Broze, a 38-year-old independent journalist and activist, started campaigning for City Hall’s top job at the beginning of 2023. In June, the city denied his application to get on the ballot after he self-reported a previous felony record.
In the complaint filed Monday, Broze contended the Texas Election Code’s eligibility rules against all candidates with unresolved felony records are too restrictive. In contrast, he said, the state constitution only excludes individuals convicted of “high crimes” such as bribery, perjury and forgery from holding office.
Broze was convicted of felony drug possession in 2005 when he was 20 years old. A judge gave him two years of probation at the time.

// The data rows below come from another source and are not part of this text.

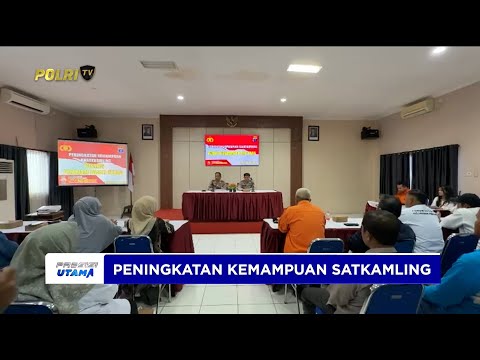 SATBINMAS POLRES PPU LAKSANAKAN KEGIATAN PENINGKATAN KEMAMPUAN SATKAMLING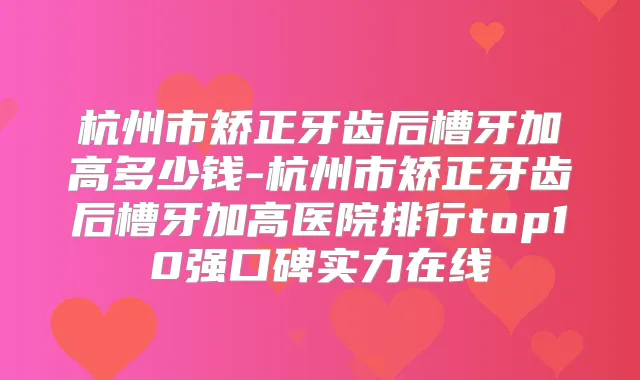 杭州市矫正牙齿后槽牙加高多少钱-杭州市矫正牙齿后槽牙加高医院排行top10强口碑实力在线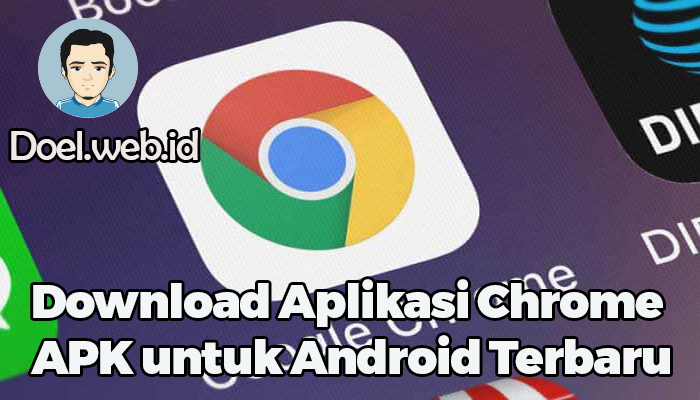 Download Aplikasi Chrome APK untuk Android Terbaru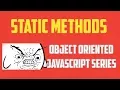 Static Methods in JavaScript Tutorial Object Oriented Programming Series - Part 11
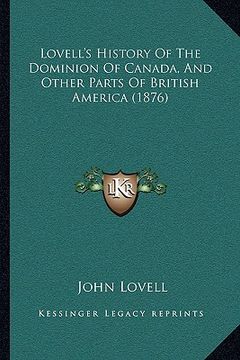 portada lovell's history of the dominion of canada, and other parts of british america (1876) (en Inglés)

He violated parole and was then sentenced to two years in prison.
He was struggling with drug addiction and depression during those years, Broze said, but he has since rebuilt his life and focused on community activism around civil liberties, environmental protection, homelessness and other causes.

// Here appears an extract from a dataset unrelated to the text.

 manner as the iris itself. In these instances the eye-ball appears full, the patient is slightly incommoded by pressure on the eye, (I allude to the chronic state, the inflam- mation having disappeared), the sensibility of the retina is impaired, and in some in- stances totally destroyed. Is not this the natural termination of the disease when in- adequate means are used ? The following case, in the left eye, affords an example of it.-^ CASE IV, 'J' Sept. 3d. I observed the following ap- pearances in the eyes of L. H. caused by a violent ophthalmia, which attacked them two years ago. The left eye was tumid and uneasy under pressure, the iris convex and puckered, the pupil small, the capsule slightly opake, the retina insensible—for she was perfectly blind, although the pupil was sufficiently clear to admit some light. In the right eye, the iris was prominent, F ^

His non-violent drug conviction, Broze argued, does not fit the criteria of a “high crime.” The denial of his ballot application stands as a demoralizing reminder that, even after nearly two decades, he still cannot fully participate in society, he said.
“I did my time, paid my debt to society,” Broze told the Chronicle. “Being blocked from the ballot because of having a felony in Texas is just another barrier to entry that felons like myself have to face.”

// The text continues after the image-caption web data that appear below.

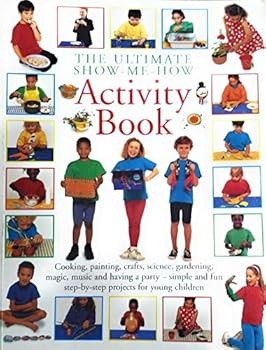 Paperback The Ultimate Show-Me-How Activity Book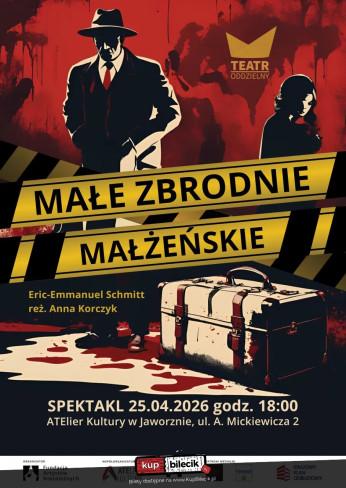 Jaworzno Wydarzenie Spektakl "Małe zbrodnie małżeńskie" - spektal Teatru Oddzielnego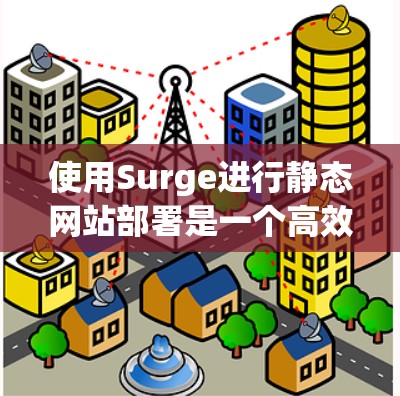 使用Surge进行静态网站部署是一个高效且灵活的过程。以下是分步骤的指南,帮助您顺利完成配置和部署 使用Surge进行静态网站部署是一个高效且灵活的过程。以下是分步骤的指南,帮助您顺利完成配置和部署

The state election code specifies that candidates must not have been “finally convicted of a felony” unless they have been pardoned or “released from resulting disabilities.”
Past candidates have argued that completing probation equates to being released from such disabilities. But an opinion from Attorney General Ken Paxton’s office asserts that such a candidate would need a pardon, judicial clemency or a writ of habeas corpus invalidating the conviction.
Gerald Birnberg, a constitutional law attorney and ex-chair of the Harris County Democratic Party, said Broze’s case could have far-reaching legal impacts since many points in his lawsuit have not been fully litigated in court.
He agreed with Broze’s argument that his drug conviction should not count as a “high crime” since it does not involve dishonesty, unlike other listed offenses. However, this does not necessarily mean the state constitution prohibits additional laws that extend beyond its specified crimes, Birnberg said.
“At least we could add some clarity to the Texas Election Code,” Birnberg said. “I also believe that we would be well served to have people who have been through that experience as an elected office. That perspective can teach us what it takes to rehabilitate people.”
As the story notes, Broze was able to run for Mayor in 2019 because he filled out that form differently. Broze wrote an op-ed advocating his position after being denied a spot on the ballot this year, after changing how he filled out that form. He cites the case of Cynthia Bailey, in which there was never a decision on the merits of the law, while the story references perennial candidate Brad Batteau, who fills his form out as Broze did in 2019. The takeaway from all this is that the law, and the opinion on the law by Ken Paxton, is unclear. I’m very much on the side of restoring voting rights for felons who have completed their sentences, and that includes eligibility for office. I don’t know what the likelihood of success is here, but I’m rooting for Mr. Broze.